Content starts

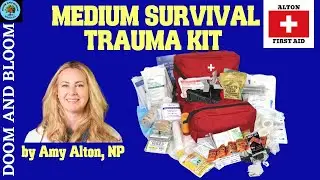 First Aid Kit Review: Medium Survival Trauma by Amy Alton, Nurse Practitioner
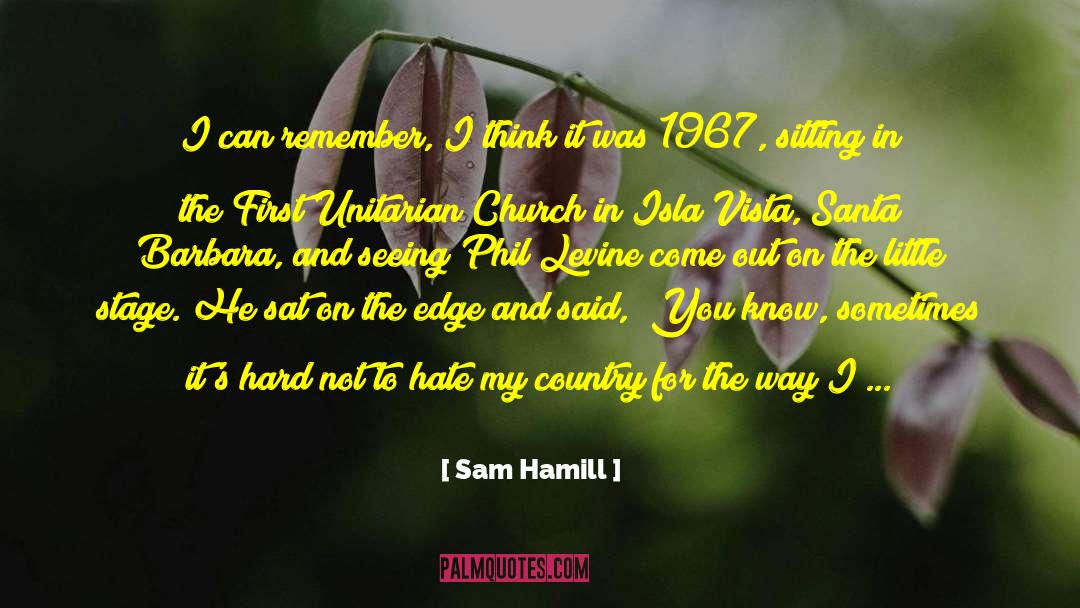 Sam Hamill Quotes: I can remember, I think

Content ends
Content starts

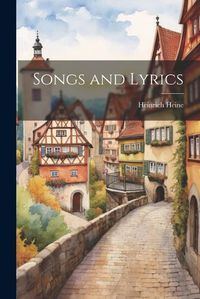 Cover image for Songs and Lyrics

Content ends
Content starts

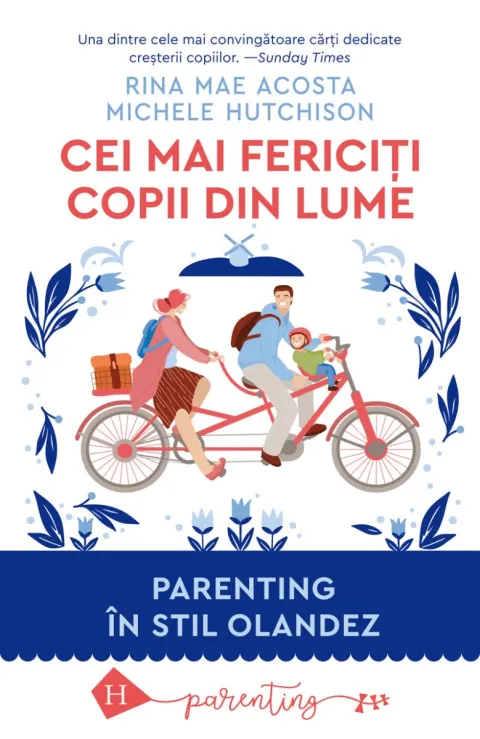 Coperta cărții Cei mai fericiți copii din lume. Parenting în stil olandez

Content ends

What this task involves -> Working from the data above, repeat exactly, and only, the lines that begin at the line containing "First Aid Kit" and stop after the line containing "Sam Hamill Quotes: I can remember, I think"; pictures are not copied.

Problem solution ->
 First Aid Kit Review: Medium Survival Trauma by Amy Alton, Nurse Practitioner
 Sam Hamill Quotes: I can remember, I think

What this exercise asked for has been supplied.